Data:
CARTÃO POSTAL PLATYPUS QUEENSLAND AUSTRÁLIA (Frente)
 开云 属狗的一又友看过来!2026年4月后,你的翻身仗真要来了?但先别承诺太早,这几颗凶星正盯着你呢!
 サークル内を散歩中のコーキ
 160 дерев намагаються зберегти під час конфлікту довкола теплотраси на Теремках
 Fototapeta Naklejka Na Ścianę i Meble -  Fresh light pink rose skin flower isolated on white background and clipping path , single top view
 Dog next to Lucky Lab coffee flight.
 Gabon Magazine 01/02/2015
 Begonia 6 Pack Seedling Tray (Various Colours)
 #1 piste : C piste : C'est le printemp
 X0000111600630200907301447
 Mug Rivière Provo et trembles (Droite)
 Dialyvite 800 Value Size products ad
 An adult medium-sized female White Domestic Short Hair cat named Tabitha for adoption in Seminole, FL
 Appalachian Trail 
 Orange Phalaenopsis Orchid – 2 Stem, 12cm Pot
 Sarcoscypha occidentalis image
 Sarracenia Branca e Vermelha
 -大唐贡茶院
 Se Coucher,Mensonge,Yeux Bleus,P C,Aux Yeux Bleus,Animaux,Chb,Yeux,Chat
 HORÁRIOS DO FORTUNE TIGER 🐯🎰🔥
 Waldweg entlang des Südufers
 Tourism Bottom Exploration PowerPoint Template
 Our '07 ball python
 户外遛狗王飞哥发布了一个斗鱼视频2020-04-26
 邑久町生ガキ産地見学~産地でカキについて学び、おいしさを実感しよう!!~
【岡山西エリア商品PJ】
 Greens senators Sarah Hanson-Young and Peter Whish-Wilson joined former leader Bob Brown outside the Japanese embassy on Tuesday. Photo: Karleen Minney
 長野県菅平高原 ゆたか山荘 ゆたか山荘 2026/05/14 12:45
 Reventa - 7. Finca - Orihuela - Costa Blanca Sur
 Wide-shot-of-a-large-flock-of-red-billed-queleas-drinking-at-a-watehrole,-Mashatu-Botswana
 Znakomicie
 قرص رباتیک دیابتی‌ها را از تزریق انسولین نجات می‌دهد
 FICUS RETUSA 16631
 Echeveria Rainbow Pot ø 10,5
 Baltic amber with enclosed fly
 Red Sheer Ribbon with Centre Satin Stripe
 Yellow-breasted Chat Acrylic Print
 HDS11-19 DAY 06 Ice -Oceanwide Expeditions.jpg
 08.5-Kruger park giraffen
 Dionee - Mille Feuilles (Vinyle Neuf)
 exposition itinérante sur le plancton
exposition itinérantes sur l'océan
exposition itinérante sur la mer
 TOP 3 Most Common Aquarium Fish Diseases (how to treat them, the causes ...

Aim of the task:
Lines holding "with" in the material above are to be reported.

Task result:
 Baltic amber with enclosed fly
 Red Sheer Ribbon with Centre Satin Stripe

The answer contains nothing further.